Context
In the 1930s in Canada, things are bad. The Great Depression, which resulted from world wide economies that grew too quickly and largely on speculation, was ripping across the nation with an average of around 20-25% unemployment. RB Bennett’s government takes power and tries a series of measures to make things better. for most though, the “dirty 30s” are just a long decade of poor reforms, labour camps and struggling to get by. On top of that, a series of droughts caused the prairies to dry up and crops to fail. In 1935, a group of men from a BC labour camp hop on a train to take their complaints to Ottawa.

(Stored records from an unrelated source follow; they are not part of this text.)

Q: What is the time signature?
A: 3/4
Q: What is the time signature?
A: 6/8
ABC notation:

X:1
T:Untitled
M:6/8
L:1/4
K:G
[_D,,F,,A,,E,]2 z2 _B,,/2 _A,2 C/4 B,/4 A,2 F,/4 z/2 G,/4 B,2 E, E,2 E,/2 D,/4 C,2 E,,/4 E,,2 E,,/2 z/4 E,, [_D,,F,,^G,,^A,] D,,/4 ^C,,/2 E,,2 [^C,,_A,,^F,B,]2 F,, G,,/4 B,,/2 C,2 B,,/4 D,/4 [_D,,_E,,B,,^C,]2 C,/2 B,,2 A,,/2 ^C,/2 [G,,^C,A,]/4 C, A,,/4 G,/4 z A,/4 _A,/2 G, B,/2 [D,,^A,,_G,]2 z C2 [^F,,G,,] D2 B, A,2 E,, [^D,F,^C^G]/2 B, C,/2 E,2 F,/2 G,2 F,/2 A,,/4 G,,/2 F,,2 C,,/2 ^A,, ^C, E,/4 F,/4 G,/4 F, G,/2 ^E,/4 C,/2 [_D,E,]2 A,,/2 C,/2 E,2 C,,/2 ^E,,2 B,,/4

By the time they hit Regina, they are 2000 strong- and on Dominion Day, the RCMP move in on RB Bennett’s insistence and a riot ensues. The Regina Riot left one police officer dead and many dead and wounded.
Resources
On-To-Ottawa Trek Historical Society
Debate in the House of Commons, Mr. MacInnis, June 26, 1935
“They easiest way to provoke a person into taking action which possibly he should not take is to ignore his rightful claims. I contend that these men in the camps have rightful and just claims which have been ignored by this government.”
Study Questions
1. Why bother hopping a train and going (or trying to) all the way to Ottawa?
2. What would provoke a riot between police officers and the “trekkers”?
3. What measures did RB Bennett’s government try in order to restore economic prosperity in Canada?
4. Why did many feel disconnected from Bennett’s government?
5. It’s easy to vilify RB Bennett but who else was responsible for some of the strike during the “dirty 30s?”